I need to create a list of all the permutations of a given array of numbers. And there is another condition, I wanted to do it following the bell ringer's style which means only two items are swapped from one permutation to another. Don't ask why I want to do this, I just do.
As an introduction, if you have three numbers there are 6 ways of lining them up.
2 3 1
2 1 3
1 2 3
1 3 2
3 1 2
So imagine there are three bells numbered 1 2 and 3. First ring in order 321, then in order 231 etc.
I could have listed them in any order, but in the above list you can see that from one row to another row only two elements are swapped.
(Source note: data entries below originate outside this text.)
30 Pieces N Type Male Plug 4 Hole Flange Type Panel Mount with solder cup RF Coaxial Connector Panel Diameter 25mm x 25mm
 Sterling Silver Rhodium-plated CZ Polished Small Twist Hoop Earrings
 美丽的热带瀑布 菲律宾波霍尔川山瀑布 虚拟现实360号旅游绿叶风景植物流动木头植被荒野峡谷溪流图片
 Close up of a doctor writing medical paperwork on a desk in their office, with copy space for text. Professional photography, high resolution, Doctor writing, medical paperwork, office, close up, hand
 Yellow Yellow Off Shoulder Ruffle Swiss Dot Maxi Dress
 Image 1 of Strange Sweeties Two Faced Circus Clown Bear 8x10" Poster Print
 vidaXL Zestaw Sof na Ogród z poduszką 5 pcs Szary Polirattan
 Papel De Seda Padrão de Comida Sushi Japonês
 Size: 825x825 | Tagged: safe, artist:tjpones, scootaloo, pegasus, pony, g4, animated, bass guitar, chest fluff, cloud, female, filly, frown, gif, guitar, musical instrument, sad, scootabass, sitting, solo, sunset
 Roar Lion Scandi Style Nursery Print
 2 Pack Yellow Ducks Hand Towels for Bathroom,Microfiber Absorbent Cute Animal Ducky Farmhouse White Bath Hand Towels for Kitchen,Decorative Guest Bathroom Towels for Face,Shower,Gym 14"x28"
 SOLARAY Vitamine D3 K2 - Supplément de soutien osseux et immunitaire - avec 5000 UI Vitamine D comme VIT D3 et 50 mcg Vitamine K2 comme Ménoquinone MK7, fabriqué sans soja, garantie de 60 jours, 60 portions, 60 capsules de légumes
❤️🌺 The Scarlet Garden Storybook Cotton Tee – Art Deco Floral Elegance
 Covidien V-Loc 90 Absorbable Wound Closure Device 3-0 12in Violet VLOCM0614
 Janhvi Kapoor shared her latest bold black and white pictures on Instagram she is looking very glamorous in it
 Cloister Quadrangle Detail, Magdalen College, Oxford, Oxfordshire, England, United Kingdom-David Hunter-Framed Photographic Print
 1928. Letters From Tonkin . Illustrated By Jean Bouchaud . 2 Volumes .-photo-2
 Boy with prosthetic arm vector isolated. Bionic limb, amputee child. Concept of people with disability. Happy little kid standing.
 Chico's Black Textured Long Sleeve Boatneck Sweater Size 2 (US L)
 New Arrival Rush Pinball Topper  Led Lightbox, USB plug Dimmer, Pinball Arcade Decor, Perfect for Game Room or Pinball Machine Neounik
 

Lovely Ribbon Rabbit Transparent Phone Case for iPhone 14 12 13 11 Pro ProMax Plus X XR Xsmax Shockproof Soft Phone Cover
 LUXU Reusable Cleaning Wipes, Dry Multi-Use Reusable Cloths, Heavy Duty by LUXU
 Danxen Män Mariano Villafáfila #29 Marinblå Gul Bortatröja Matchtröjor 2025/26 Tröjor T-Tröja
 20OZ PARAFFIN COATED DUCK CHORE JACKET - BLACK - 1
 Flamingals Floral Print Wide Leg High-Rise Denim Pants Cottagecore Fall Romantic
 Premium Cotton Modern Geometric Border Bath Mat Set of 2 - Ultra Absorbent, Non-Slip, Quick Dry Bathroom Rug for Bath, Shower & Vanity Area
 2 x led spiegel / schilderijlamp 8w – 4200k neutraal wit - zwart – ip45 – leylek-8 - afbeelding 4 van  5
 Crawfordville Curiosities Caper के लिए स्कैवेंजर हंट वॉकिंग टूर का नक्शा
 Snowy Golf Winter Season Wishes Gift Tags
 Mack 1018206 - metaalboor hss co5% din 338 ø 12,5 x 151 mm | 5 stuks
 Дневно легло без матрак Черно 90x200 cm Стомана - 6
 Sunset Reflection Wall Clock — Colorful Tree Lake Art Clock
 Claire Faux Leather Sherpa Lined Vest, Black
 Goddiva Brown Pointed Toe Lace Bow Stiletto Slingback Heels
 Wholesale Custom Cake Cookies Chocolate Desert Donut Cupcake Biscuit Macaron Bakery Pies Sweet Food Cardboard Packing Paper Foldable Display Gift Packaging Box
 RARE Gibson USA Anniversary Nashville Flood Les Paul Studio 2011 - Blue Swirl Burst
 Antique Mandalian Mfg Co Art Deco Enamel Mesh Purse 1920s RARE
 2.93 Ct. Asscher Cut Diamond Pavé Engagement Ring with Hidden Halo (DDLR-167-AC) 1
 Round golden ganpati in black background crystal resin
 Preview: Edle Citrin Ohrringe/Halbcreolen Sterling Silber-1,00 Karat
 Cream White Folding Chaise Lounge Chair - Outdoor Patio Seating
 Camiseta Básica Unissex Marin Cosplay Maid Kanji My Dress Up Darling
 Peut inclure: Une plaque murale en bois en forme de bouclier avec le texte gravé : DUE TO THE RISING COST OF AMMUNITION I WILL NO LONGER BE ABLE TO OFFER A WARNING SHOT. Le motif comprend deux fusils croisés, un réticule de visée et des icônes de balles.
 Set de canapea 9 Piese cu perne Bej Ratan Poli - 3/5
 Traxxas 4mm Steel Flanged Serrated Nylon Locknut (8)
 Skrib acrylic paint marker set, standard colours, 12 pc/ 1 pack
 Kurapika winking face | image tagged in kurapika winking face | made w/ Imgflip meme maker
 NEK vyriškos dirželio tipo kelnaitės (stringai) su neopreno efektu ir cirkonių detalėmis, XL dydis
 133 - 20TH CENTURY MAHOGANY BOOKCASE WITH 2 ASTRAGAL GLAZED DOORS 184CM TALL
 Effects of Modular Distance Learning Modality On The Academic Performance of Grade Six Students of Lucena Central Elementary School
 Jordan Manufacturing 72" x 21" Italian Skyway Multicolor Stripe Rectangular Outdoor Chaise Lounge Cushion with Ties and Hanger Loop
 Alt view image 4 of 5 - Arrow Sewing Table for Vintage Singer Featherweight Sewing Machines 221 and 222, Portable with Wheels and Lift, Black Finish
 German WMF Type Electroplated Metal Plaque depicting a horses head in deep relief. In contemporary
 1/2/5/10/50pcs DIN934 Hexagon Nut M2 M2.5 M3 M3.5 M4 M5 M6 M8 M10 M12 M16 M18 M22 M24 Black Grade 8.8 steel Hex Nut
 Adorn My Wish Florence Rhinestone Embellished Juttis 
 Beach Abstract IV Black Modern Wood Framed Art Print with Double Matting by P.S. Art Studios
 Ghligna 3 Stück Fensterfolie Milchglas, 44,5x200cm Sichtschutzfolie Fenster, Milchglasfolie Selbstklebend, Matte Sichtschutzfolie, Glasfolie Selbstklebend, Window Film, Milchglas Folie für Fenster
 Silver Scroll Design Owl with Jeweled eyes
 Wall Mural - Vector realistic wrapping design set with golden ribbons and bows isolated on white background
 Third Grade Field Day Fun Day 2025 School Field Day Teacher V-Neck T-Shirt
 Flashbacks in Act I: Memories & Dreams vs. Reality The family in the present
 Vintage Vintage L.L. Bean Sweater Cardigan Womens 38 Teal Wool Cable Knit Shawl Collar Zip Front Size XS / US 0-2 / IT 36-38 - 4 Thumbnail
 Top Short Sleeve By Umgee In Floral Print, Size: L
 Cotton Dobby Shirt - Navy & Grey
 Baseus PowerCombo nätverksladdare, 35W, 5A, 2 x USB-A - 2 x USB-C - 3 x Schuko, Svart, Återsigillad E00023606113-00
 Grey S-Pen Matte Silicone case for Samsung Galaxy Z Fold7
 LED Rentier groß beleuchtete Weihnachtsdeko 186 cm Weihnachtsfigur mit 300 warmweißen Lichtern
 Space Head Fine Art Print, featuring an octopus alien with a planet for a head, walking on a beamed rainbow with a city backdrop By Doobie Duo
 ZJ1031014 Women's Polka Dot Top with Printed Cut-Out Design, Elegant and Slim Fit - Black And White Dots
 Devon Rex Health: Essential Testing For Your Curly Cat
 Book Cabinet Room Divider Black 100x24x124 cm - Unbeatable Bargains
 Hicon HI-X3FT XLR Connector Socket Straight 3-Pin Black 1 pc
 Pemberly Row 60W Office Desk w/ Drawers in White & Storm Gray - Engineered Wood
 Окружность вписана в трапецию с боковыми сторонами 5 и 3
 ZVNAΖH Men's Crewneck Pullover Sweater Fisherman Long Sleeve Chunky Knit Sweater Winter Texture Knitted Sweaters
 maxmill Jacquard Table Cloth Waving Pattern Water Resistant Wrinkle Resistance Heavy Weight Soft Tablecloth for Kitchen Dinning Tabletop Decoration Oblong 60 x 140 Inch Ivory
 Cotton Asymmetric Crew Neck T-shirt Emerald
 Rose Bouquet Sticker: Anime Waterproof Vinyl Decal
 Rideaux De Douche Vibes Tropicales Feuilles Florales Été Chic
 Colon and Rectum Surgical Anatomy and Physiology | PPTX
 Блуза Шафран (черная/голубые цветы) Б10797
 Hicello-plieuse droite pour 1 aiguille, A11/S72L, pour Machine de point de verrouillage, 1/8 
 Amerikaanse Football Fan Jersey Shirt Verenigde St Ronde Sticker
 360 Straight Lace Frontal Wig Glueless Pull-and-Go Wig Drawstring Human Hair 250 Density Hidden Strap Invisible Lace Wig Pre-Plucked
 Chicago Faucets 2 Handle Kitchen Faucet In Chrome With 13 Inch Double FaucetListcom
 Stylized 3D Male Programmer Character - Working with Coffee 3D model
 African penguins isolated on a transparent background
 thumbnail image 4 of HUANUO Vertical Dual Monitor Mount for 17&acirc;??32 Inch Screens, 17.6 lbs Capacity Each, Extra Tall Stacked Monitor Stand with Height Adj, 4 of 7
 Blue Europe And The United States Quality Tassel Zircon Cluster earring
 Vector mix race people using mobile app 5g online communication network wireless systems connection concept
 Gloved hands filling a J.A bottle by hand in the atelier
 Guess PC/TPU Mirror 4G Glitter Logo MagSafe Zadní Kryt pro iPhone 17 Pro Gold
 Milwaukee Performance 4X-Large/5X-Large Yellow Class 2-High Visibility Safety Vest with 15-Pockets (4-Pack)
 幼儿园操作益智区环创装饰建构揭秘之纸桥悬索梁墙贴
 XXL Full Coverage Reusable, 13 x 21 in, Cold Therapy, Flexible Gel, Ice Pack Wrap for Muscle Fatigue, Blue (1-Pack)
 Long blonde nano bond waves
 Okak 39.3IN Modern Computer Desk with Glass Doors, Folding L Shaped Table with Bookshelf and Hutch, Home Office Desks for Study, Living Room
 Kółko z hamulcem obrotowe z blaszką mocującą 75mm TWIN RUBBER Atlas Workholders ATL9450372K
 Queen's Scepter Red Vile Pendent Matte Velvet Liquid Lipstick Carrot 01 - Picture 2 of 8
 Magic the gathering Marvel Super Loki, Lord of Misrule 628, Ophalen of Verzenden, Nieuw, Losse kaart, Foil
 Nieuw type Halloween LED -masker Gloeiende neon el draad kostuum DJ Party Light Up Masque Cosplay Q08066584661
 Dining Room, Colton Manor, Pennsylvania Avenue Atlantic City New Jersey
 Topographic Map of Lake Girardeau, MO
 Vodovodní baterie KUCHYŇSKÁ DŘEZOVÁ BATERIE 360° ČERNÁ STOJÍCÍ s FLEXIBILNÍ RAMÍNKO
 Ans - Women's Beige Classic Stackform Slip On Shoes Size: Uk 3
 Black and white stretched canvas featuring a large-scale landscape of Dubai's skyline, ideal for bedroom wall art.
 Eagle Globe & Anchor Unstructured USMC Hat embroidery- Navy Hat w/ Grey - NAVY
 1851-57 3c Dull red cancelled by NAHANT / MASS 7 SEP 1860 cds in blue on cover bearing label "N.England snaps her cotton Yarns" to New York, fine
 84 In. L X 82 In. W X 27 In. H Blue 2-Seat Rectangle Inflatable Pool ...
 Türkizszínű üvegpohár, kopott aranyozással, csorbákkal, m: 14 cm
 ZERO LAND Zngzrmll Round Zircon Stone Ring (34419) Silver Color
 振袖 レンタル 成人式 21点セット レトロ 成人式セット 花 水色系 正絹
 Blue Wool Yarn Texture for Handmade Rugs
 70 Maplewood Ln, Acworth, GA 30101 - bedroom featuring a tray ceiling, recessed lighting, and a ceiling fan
Another thing to notice is that the biggest number, 3, moves diagonally in the sequence:
Anyway I thought it would be easy to write an algorithm to do this and found it was not. I looked for how other people had solved the problem.
There is Heap's algorithm, and I could implement it but I could not understand it. And I certainly could not understand the "proof" on that Wikipedia page. I'm not even sure if it is valid. Seems very complicated and abstract to me. I was encouraged by finding in another page (Ruslan) which said that though Heap's algorithm works Mr Heap did really not explain why.
Then there is the Steinhaus–Johnson–Trotter algorithm. This is easier to understand than Heap's algorithm but I still felt it was a little abstract and I was not grokking the thing. I looked at implementations and kinda/sorta understood, but not deeply.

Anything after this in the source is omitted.